In line with the vows I recited on my wedding day, I prefer to think of the commitment as just giving, then any "receiving" I get is a bonus and something to be pleased about - it means I'm disappointed less often (I guess this could also be viewed in terms of forgiving the other person for not being perfect?). Of course, I'm lucky because my wife has the same attitude. Hence we are generally always pretty happy with each other :-) Rather than being disappointed with each other when we don't meet each others' needs, we are just "neutral" toward the other. That way, when she does something nice (or "just" meets my needs), I feel great and want to do something in return. This is different to feeling you are owed something (eg. "they have an obligation to meet my needs - so if they do, I won't complain, but when they don't, I'll feel short changed").

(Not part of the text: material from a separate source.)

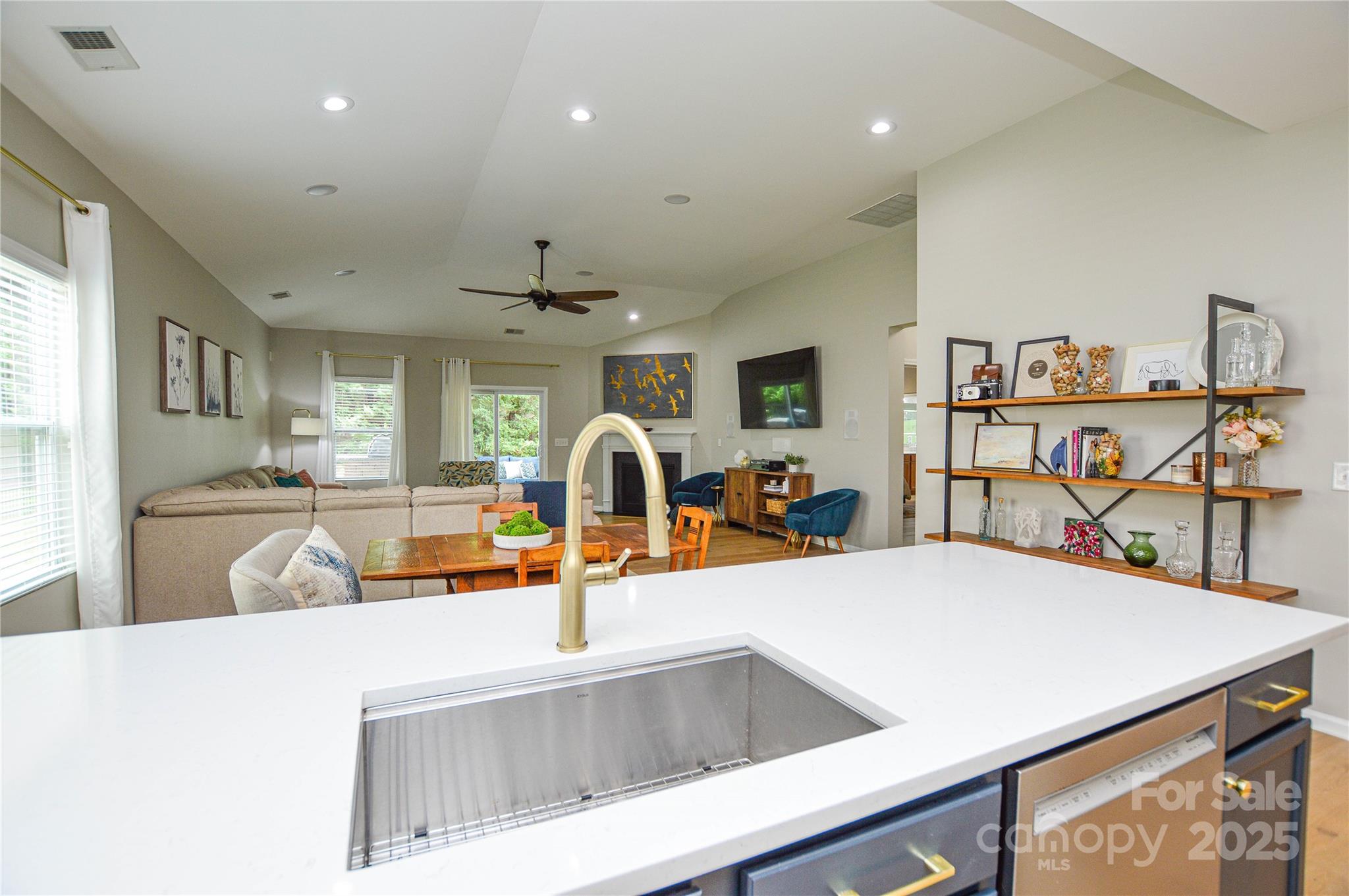 86506 Arrington Road Lancaster, SC 29720 - Photo 15 of 48 a kitchen with a sink a counter and chairs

Definitely NOT!!! NO WAY!!!! Maybe this is why I have been blissfully(some would say Selfishly!) content to just live with my dogs who love me unconditionally!My divorce,like so many others,was so horrendous,that I just do not wish for,or require, 24/7 human company again
If that relationship included "until death us do part" at some point, yes, but I wouldn't just let it sit - I'd work with my partner to fix it. The theory being that the other half values and is committed to the marriage vows in the same way as me (I doubt I would have married them if they didn't have they didn't have that same view). Seems to have worked so far.... My wife and I take the view that marriage is about giving, sometimes until it hurts, so as a general rule we're always happy because we expect nothing from each other but always get way more than that. We delight in making each other happy. Even when we don't feel like the other person deserves it, we do it with a grateful heart and generally the results far outweigh the the initial discomfort or grudge. Relationships don't succeed without compromise, and when we expect the other person to meet ALL of our needs, we will always be disappointed. I think a lot of couples don't consider this aspect of compatibility enough before making a lifelong commitment.The focus usually seems to be "are we sexually compatible", and "do we enjoy doing similar stuff together" but the rest often seems to be neglected until the problem actually occurs, which is when it all becomes too hard because there is often this expectation that "we entered into a contract and YOU'RE not fulfilling your part - meaning I'm not GETTING what I want from you".
In short - Smita is spot on - communication is the key. Find someone who has that same value and you should be able to work through life's problems together.